I live i Africa baby! It's wild out here yes...but controlled. 

My concern is that we live at the foot of a mountain, and we spotted leopard footprints in the area...What would any of you do while on a trail ride on horse, would a Leopard think this is easy prey or would he be intimidated by horse and rider 

Not that we ever had a leopard attack at the reserve, but just wondering about it.


----------



## littlebird (Jan 22, 2014)

You may want to contact some of the horseback safari operations in Africa to ask their opinion. Since they work with horses in contact with savanna and jungle animals more frequently than most people (or people living in areas with different wildlife) they may be able to give you the best advice in regards to your safety. People who ride in North America and have experience dealing with mountain lions/cougars may also have some words of wisdom, but cougars/leopards are not the same animal and their hunting habits will be different as they are living in different environments/hunting different prey/may be in contact with humans in a slightly different way.


----------



## horseluvr2524 (Sep 17, 2013)

All I've read about cougars (which as littlebird said are a different animal) is that you have to be prepared to fight back if you see one. Usually they will not show themselves and will leave at the sound of humans. Running gets you nowhere, obviously, and it would just encourage them to attack. This is all just stuff I've read, someone else more knowledgeable can probably answer this better.

My advice?

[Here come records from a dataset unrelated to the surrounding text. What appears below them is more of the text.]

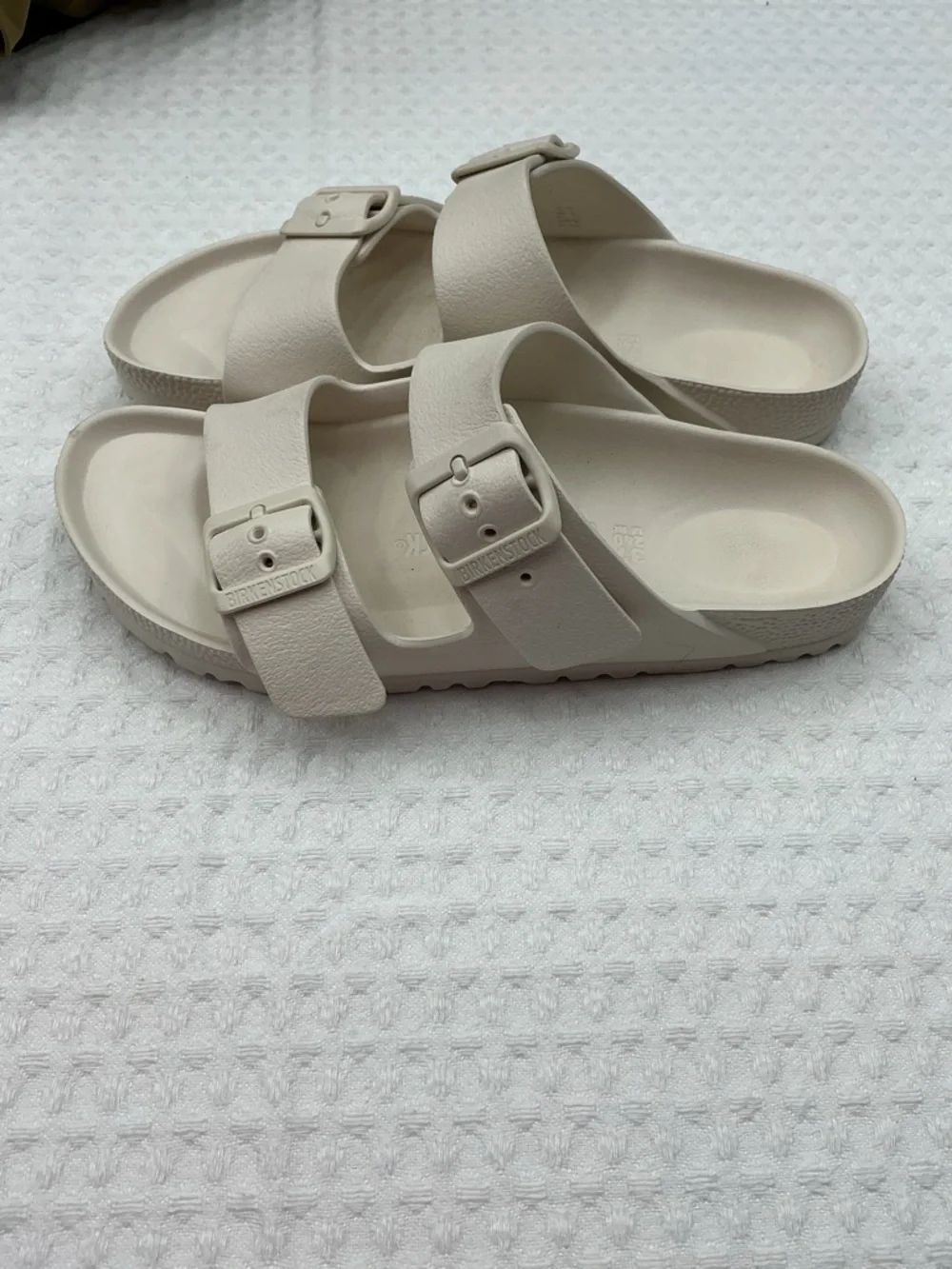 Birkenstock Women's Two-Strap Slide Sandals in Light Taupe - Picture 1 of 9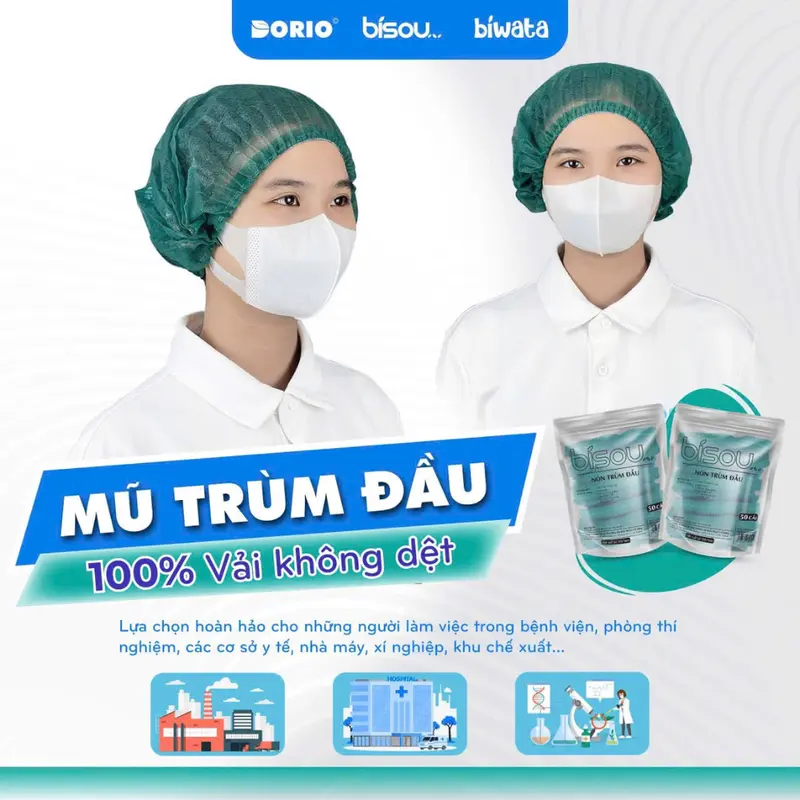 Combo 100 cái Mũ trùm y tế, nón con sâu Bisou 21cm 4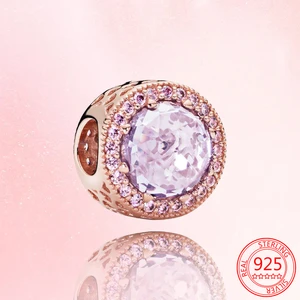 New 925 Sterling Silver for Women Rose Gold Sparkling Lavender Beads Charms Fit Original Pandora Bracelet Bangle Jewelry Gift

Carry a gun.


----------



## ZombieHorseChick (Jun 5, 2014)

I've been trying to figure out what to do as well, though I'm in Indiana , we somehow hve two black leopards running lose around here along with mountain lions , just down the road from me a few years back, a horse was attacked and killed in its field by a big cat, I would carry a gun, but I'm 16, and my parents don't have one yet ( I've been begging for a wile now though for a hunting rifle lol) I'm just glad that mountain lions rotate territory's, they roam spans of miles and miles for a few years then go to another one, but usually make there way back to it some point in time. But that's mountain lions ( which were thought to not inhabit Indiana for quite a wile till finally footage of one was taken on a gaming trail) 

Sooo since a gun isn't an option for me I carry a knife at all times. Best I can do for now. 
_Posted via Mobile Device_


----------



## SpicedGold (Aug 2, 2011)

Leopards will leave a horse and rider alone.

The leopard is a medium sized cat (I know it's a large African cat, but its the smallest of the large African cats). They prey on small to medium sized antelope and animals.

A horse is too large. A horse and rider is even larger. Very young foals might be in danger, but certainly not horses.

Also, leopards are very shy and will avoid people if given that chance. Sighting one is very special, but you and your horse are safe


----------